Tuesday January 9th – Rakino Island Community Hall, Rakino Island ($20 on the door)
Wednesday January 10th – Kawau Island Boating Club, Kawau Island (free)
Friday January 12th – Leigh Sawmill, Leigh (tickets on pre-sale from UnderTheRadar.co.nz)
Sunday January 14th – Port Fitzroy Yacht Club, Great Barrier Island ($20 on the door)
Hopetoun Brown are also very excited to be on this year’s artist lineup for WOMAD NZ, held in Taranaki’s idyllic Brooklands Park. They will be joined on stage by trumpet wunderkind, Finn Scholes for Taranaki’s biggest knees-up this March 16-18th. Come and party with our favourite pair, and stay tuned for more upcoming show dates!
ENDS
About Hopetoun
Brown:
These 2017 Taite Prize finalists have been friends since the age of eight. By the time they were thirteen, Tim Stewart and Nick Atkinson joined Karl Steven to form a blues band that would go on to become the Rock and Roll Hall of Fame act Supergroove. This world-girdling band broke up nine years later forcing Stewart and Atkinson apart. A number of years passed before they spoke again, but our horn-playing heroes had been on many adventures and they had much to catch up on. Stewart had moved to Australia to finish his training to become a chef in the fiery kitchens of Sydney. Atkinson became a journalist, crewed on a yacht that rounded Cape Horn before cycling across Patagonia. When he returned from this adventure, while playing gigs in Ponsonby, Atkinson’s trusty tenor sax was stolen. He then came upon a dilapidated bass clarinet, an unusual spindly instrument that needed a complete restoration.
The new sound of the bass clarinet set Stewart and Atkinson off on a brief flurry of composition. At the time, Atkinson lived at 4 Hopetoun Street while Stewart resided in the heart of Ponsonby at 13 Brown Street. Hopetoun Brown was christened! At this stage, the duo simply performed instrumentals and it wasn’t long before Atkinson left Auckland again on another extended voyage, this time to the Antarctic Island of South Georgia. More than four years passed before Supergroove were reunited in October 2007, and Stewart and Atkinson began rehearsing and playing again. A horn section is like a band within a band. They often need their own rehearsals to get tight for the full band practices, but it can get a bit dull playing the horn lines for ‘Can’t Get Enough’ over and over, so our heavy honking pair began to work up a small repertoire of numbers to work on their intonation and tightness.

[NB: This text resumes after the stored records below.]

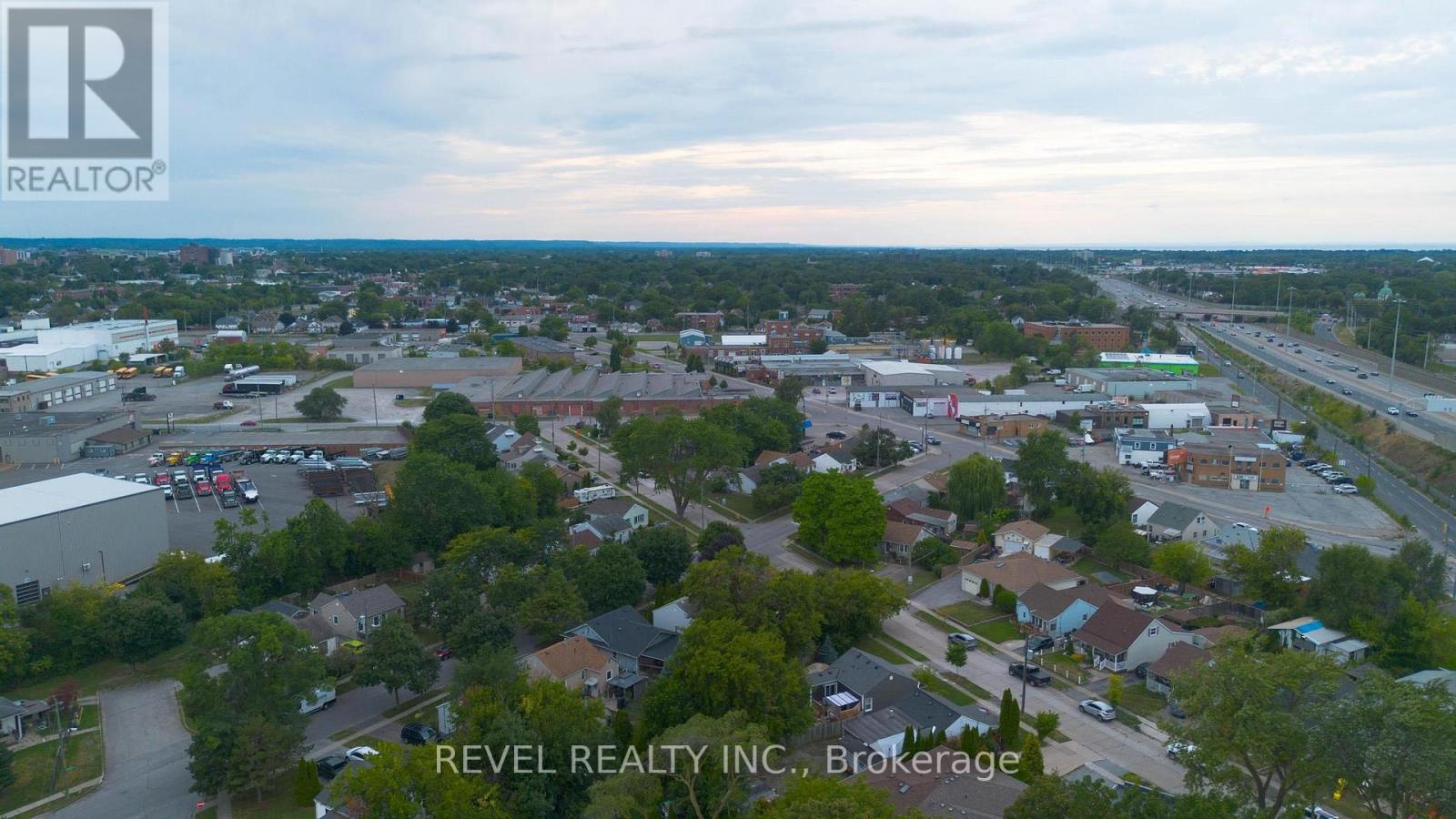 Photo 8 of 11 Elmwood Avenue, St Catharines ON
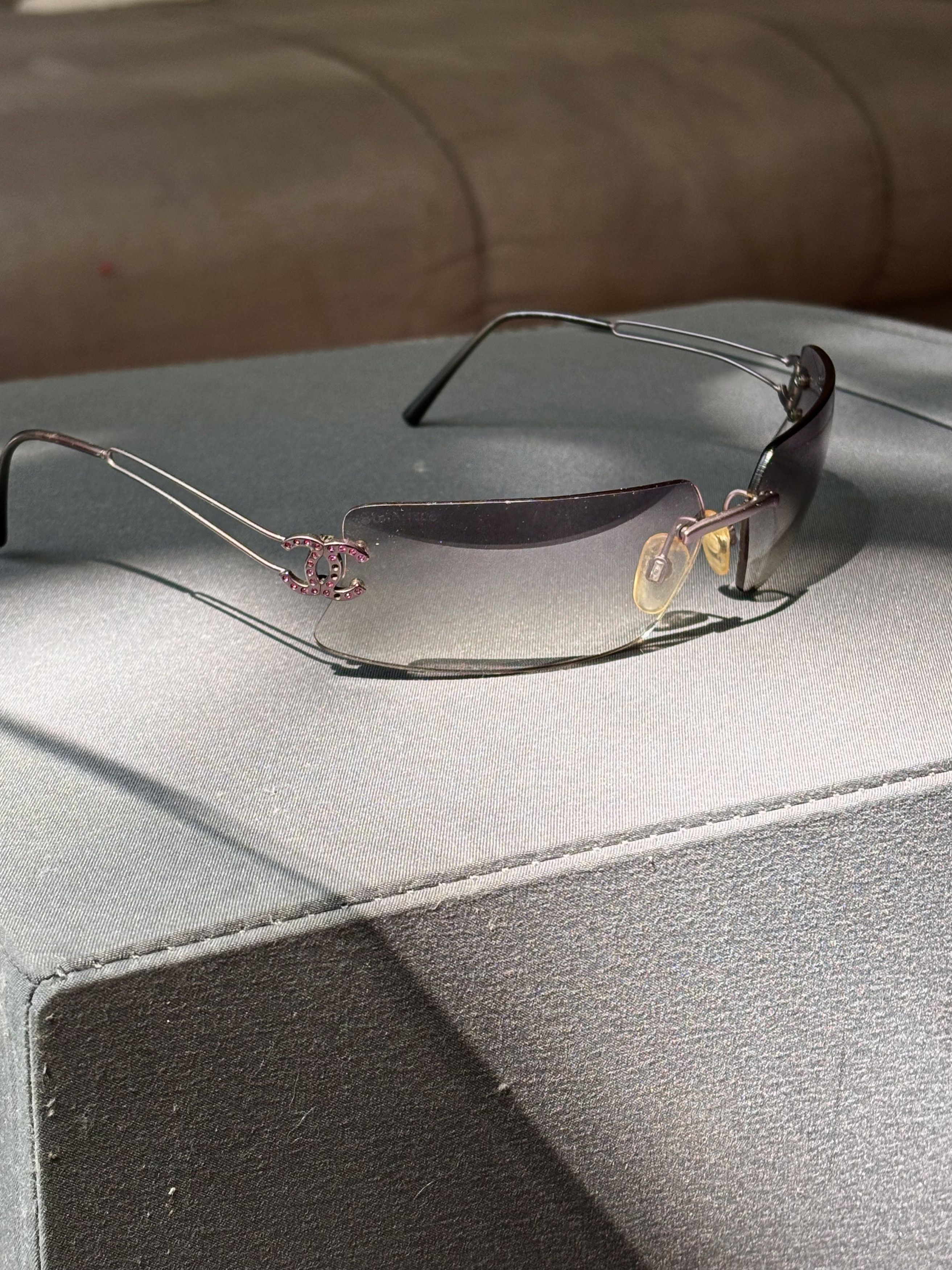 Chanel Chanel Sunglasses 4051-B Rhinestone Logo Rimless Vintage Size ONE SIZE - 7 Thumbnail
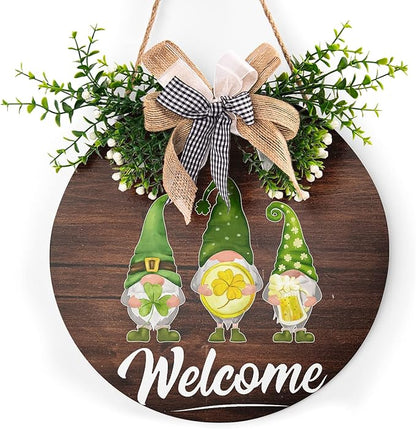 St Patrick's Day Door Sign Welcome Gnome Door Decor Hanging Green Shamrock Sign Decorative Farmhouse St.Patrick's Day Wooden Shamrocks Irish Welcome Sign for Holiday Decor, 12 x 11.5
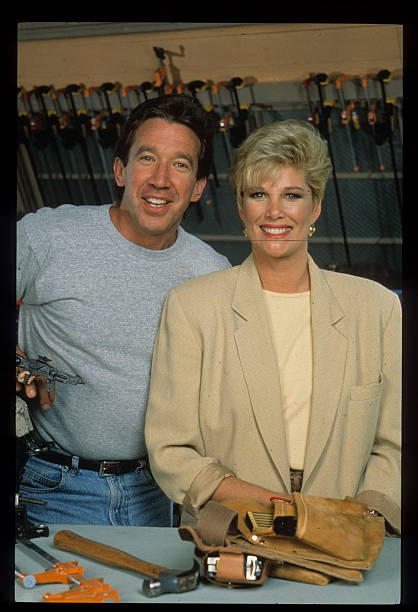 photo-Joan Lunden 1998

One day, Stewart suggested Atkinson should play the bass line for a New Orleans standard ‘St James Infirmary Blues’. It was as close to a scene from Nashville as the boys had ever experienced. Atkinson played the line on his lonely and woody sounding bass clarinet and Stewart sang the lyrics, quietly at first, before building to a thunderous stomping crescendo that tapered to a tender trumpet coda. They looked at each other once the song was finished… magic! They really had something new. The bass clarinet and Stewart’s voice were perfect together and it wasn’t long before Hopetoun Brown played their first show at the Kingsland Folk Club.
A little over a year later, they were heading down to Lyttelton to record their debut album Burning Fuse with Ben Edwards. The following year they were handpicked by the Violent Femmes to support their two sold-out shows at the St James Theatre. Hopetoun Brown joined the Femmes on stage both nights and a number of their old school friends were in the crowd slack-jawed seeing their classmates on stage, playing with a band they’d danced to in their teenage years.
Later that year Hopetoun Brown backed Marlon Williams at the Music Awards and co-wrote and recorded ‘Hate I Don’t Love You’ with Tami Neilson. In October 2016, they released their second album Look So Good, again recorded with Ben Edwards in Lyttelton and Oliver Harmer at The Lab in Auckland. Since then, they’ve played hundreds of shows up and down the nation, while recording new material with Jol Mulholland at his studio The Oven.